Os próprios alunos reagem criticamente à nova ortografia decretada não só pela falta de lógica em algumas situações, e lembramos o “Egito e o egípcio”, como pelo facto de em lugar de evitar os equívocos os fomentar. “Pêlo”, por exemplo, perdeu o acento e tornou-se igual a «pelo», o mesmo acontecendo com o verbo parar na 3.ª pessoa do singular do presente do indicativo que, tendo perdido o acento, se confunde com a preposição “para”, “retractar”, do latim 'retractare', tem novo traje, distorcendo a sua etimologia, ao escrever-se como “retratar” (fazer um retrato), “espectador” tornou-se “espetador” e o ridículo é tal que houve editoras que, mesmo cumprindo o AO, decidiram, neste caso, usar sempre “espectador”.

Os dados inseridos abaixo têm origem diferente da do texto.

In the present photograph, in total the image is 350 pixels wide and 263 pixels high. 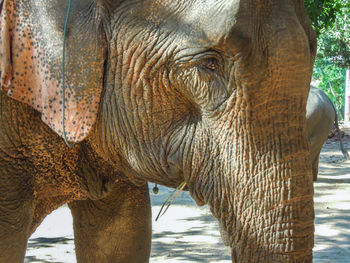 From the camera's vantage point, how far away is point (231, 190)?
1919 mm

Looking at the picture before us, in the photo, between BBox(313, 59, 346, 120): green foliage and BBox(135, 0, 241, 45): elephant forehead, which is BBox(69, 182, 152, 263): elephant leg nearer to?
BBox(135, 0, 241, 45): elephant forehead

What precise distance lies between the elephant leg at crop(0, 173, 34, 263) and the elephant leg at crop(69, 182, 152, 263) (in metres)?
0.60

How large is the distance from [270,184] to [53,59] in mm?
873

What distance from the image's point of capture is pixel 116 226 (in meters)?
3.08

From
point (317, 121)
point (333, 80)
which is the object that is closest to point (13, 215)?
point (317, 121)

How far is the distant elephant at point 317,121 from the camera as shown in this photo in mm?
6992

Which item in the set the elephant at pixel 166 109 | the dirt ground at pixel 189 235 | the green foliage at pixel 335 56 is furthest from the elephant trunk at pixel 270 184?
the green foliage at pixel 335 56

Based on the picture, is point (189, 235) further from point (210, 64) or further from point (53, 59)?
point (210, 64)

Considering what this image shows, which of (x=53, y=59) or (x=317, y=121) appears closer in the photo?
(x=53, y=59)

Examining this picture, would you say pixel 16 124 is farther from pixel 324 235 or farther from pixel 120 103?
pixel 324 235

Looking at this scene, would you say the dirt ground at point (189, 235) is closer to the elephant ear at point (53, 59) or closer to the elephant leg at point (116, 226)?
the elephant leg at point (116, 226)

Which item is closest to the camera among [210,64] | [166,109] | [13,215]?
[210,64]

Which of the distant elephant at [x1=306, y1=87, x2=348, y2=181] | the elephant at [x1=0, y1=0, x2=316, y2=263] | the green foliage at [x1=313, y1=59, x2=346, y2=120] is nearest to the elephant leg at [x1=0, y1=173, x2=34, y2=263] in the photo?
the elephant at [x1=0, y1=0, x2=316, y2=263]

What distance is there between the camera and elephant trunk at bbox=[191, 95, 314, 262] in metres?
1.80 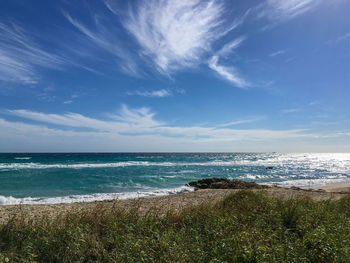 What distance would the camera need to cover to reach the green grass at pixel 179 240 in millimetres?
3410

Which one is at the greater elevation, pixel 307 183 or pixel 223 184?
pixel 223 184

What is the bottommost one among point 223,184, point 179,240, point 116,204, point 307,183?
point 307,183

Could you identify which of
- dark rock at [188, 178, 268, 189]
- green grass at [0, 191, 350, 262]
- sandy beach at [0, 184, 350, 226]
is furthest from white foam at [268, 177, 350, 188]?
green grass at [0, 191, 350, 262]

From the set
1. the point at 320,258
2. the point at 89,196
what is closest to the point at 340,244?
the point at 320,258

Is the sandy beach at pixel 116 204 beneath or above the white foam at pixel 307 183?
above

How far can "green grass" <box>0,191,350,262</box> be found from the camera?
3.41 metres

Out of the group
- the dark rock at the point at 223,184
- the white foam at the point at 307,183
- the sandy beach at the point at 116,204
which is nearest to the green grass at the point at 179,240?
the sandy beach at the point at 116,204

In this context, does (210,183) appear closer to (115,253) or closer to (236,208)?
(236,208)

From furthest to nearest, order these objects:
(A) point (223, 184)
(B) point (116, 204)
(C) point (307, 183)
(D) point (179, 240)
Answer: (C) point (307, 183) < (A) point (223, 184) < (B) point (116, 204) < (D) point (179, 240)

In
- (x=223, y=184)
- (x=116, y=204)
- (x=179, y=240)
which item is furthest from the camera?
(x=223, y=184)

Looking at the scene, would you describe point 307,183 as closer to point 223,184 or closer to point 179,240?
point 223,184

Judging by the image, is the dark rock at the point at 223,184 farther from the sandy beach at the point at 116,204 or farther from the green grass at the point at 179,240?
the green grass at the point at 179,240

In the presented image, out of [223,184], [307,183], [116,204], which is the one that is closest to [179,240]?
[116,204]

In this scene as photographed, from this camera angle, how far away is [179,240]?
13.3ft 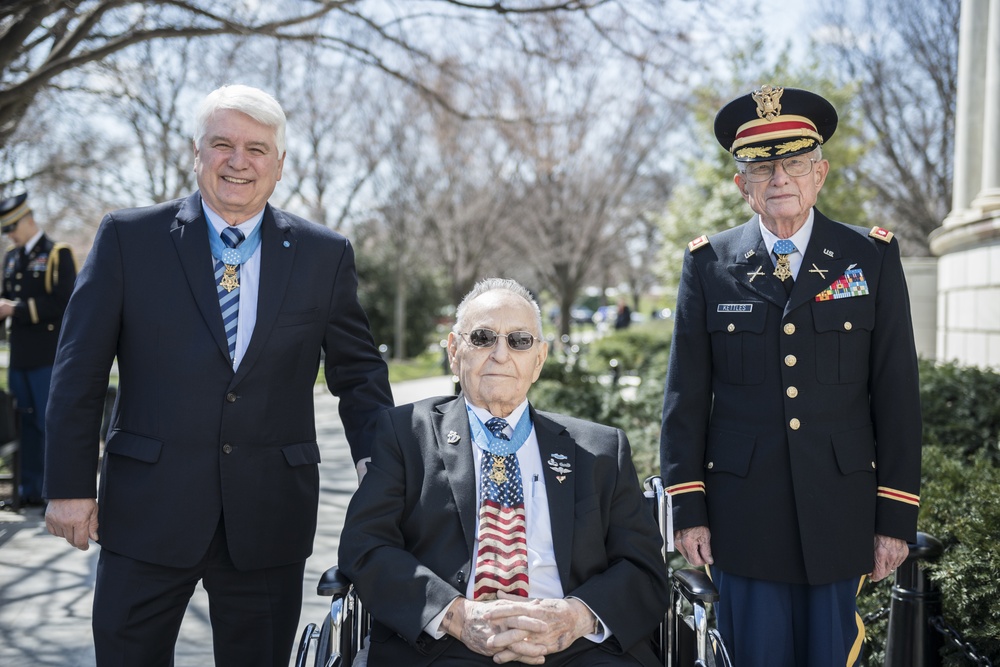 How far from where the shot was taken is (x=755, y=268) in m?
2.88

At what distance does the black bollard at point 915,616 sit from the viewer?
324 cm

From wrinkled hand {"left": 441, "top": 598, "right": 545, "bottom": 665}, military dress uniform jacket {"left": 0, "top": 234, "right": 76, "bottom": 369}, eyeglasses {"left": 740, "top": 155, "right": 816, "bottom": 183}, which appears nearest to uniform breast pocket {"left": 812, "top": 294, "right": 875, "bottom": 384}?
eyeglasses {"left": 740, "top": 155, "right": 816, "bottom": 183}

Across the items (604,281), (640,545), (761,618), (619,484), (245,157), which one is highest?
(604,281)

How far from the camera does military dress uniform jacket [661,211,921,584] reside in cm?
273

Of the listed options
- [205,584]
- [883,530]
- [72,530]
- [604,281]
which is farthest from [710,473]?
[604,281]

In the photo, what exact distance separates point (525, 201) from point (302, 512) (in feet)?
60.9

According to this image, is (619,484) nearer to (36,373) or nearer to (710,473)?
(710,473)

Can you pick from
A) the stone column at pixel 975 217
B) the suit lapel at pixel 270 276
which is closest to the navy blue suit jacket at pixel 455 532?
the suit lapel at pixel 270 276

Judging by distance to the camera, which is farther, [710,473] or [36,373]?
[36,373]

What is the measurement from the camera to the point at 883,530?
2.73 metres

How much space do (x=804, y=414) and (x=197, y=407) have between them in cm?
180

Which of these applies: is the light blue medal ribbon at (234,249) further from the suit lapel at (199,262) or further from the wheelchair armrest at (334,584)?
the wheelchair armrest at (334,584)

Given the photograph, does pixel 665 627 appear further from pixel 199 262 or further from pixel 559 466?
pixel 199 262

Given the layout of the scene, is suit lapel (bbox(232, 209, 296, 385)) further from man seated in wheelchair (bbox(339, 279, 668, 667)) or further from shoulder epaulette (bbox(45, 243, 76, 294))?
shoulder epaulette (bbox(45, 243, 76, 294))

Não é de mais repetir as palavras do Professor António Emiliano, da Universidade Nova, a propósito da “aprendizagem de qualquer ortografia […] que não é tarefa fácil para ninguém nem é suposto ser: a função de uma ortografia não é nem facilitar o ensino da escrita nem reflectir a oralidade; a ortografia serve para codificar e garantir a coesão da língua escrita normalizada de uma comunidade nacional.” Depois da implementação forçada do AO, à revelia da vontade dos portugueses (lembre-se também os 25 pareceres contrários) tudo tem acontecido como se a ortografia fosse a representação de um espectáculo em que cada um escreve para o “lado que lhe dá mais jeito”, como galhofeiramente afirmou Pedro Santana Lopes. Compreender-se-á em parte a sua boa disposição porque este AO foi, na verdade, cozinhado e pretensamente discutido entre muita galhofa e gargalhada, como testemunham as actas da sua discussão, na Assembleia da República, na qual participou também Pedro Santana Lopes.

Este gosto pelo lúdico boçal, retrato da crescente falta de cultura e reflexo de uma crescente infantilização, expõe-se também exuberantemente na Escola através de muitos manuais, nos quais já encontrei, por várias vezes, a convivência entre “espetáculo” e “espectador”, e “espetáculo” e “espetador”, neste último caso em sintonia com o disposto no AO, tropeçando os alunos no “espetador”, pela estranheza: “Espetador?”, perguntam. Confirmando ainda o que escrevi, no início deste parágrafo, deixo-vos dois exemplos elucidativos que retirei de um manual do 2.º ciclo, de História, disciplina que, a par de Geografia, se encontra em vias de extinção. A propósito do estudo da invasão e conquista da Península Ibérica pelos muçulmanos do Norte de África, no séc. VIII, os autores apresentam várias questões de escolha múltipla, onde a escrita obviamente não intervém, substituída por uma cruz. Transcrevo o primeiro exemplo: “Aos muçulmanos do Norte de África que invadiram a Península Ibérica os cristãos chamavam: a) Alás, b) Mouros, c) Andaluses, d) Moçárabes”; e o segundo: “Os muçulmanos também deram a conhecer processos de rega até aí desconhecidos: a) a tia, a picota e o açude; b) a prima, a picota e o açude; c) a sogra, a picota e o açude; d) a nora, a picota e o açude.” Posso dizer que algumas alunas, perante o primeiro exemplo, acharam que a colega muçulmana da sua turma “ia ficar triste porque se sentiria gozada”, reagindo também com estupefacção ao absurdo de “tias, primas e sogras”. “O que é isto?", foi o que perguntaram incrédulas com o que viam escrito. Se os autores pretendiam suscitar o riso, nesse doentio e exasperante lúdico, a reacção foi precisamente a inversa porque as crianças não são imbecis, se bem que desde a reforma de 2003 se tenha vindo a actuar para que assim aconteça, prejudicando o seu desenvolvimento e perigando o seu futuro.

Num ambiente tão propício ao riso e à brincadeira, nem a Academia das Ciências escapa, alastrando o pântano cultural, lamentavelmente perante a nossa indiferença colectiva.